## About this task
From the material below, copy exactly the lines beginning with the one that contains "Sweater Photo 0" and ending with the one that contains "PUMA Stylish Cream and White Sneakers"; the pictures stay out.

## Task input

== Segment start ==

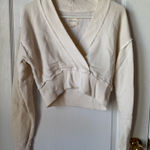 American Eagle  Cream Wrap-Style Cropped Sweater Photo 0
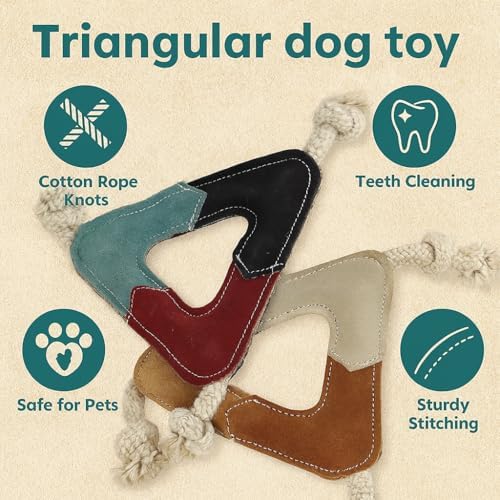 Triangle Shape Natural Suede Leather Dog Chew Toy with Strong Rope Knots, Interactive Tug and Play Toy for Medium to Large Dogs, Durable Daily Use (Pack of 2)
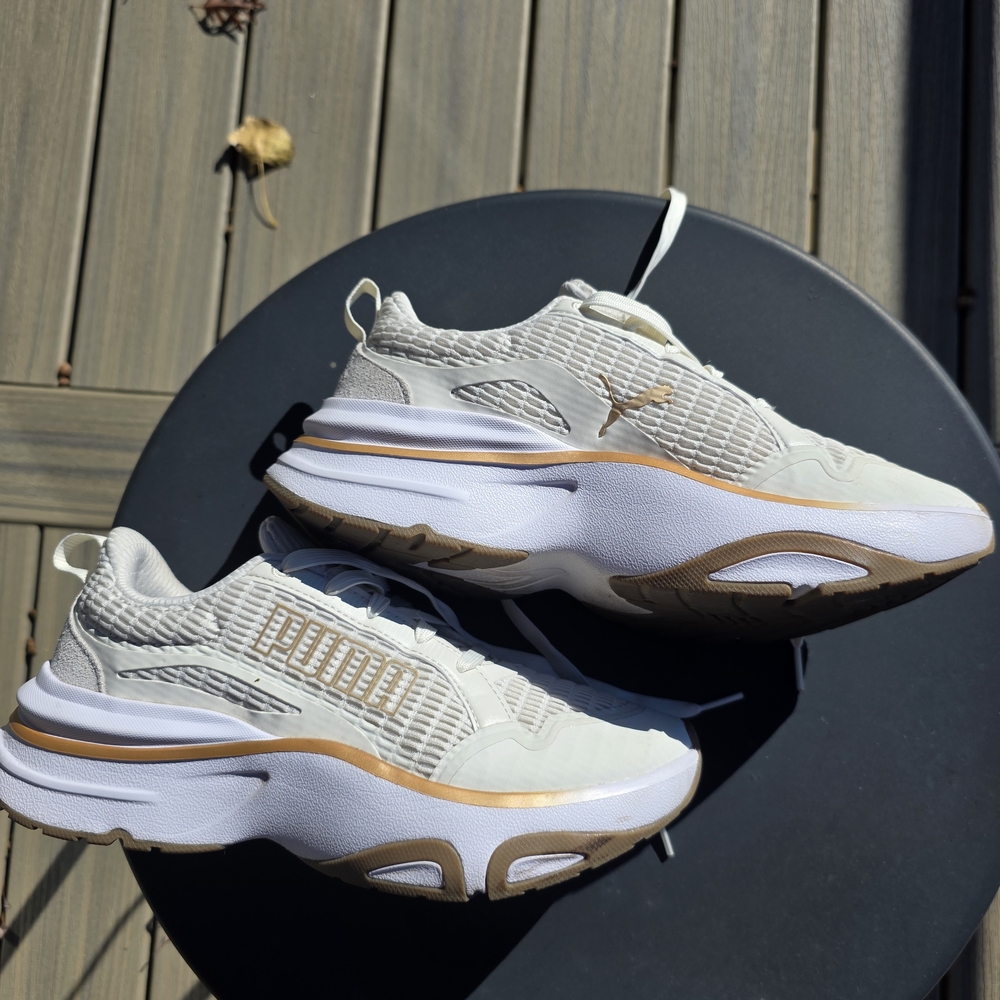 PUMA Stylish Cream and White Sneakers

== Segment end ==
== Segment start ==

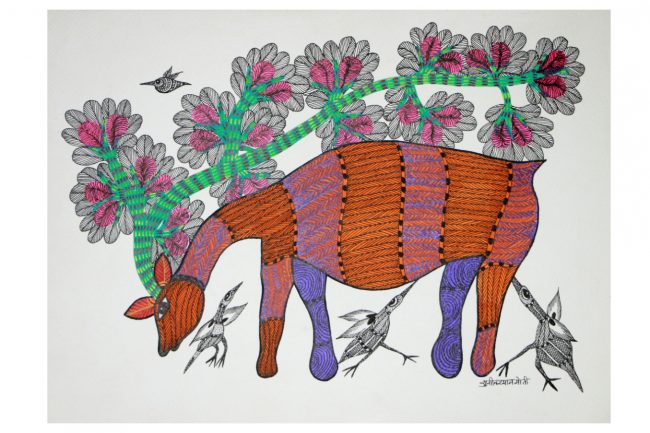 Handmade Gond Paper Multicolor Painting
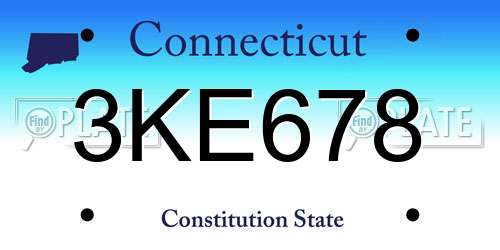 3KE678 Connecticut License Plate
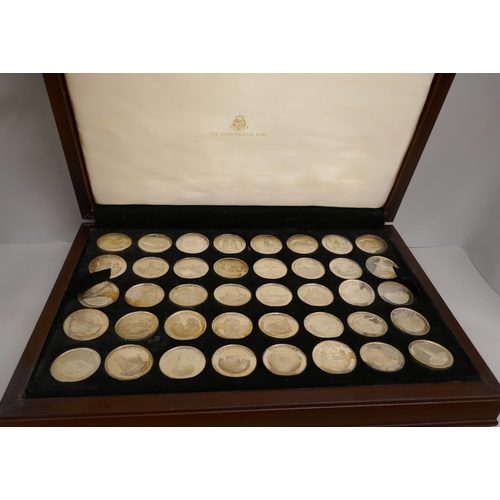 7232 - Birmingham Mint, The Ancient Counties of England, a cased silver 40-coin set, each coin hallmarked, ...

== Segment end ==
== Segment start ==

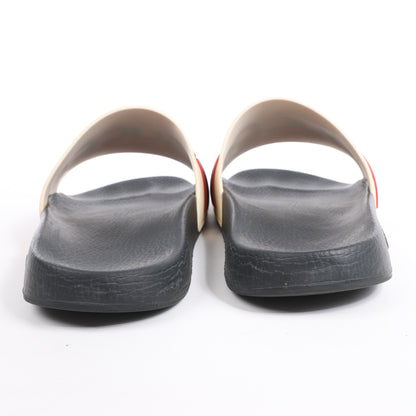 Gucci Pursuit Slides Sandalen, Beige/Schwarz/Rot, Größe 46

== Segment end ==

## Response box
 American Eagle  Cream Wrap-Style Cropped Sweater Photo 0
 Triangle Shape Natural Suede Leather Dog Chew Toy with Strong Rope Knots, Interactive Tug and Play Toy for Medium to Large Dogs, Durable Daily Use (Pack of 2)
 PUMA Stylish Cream and White Sneakers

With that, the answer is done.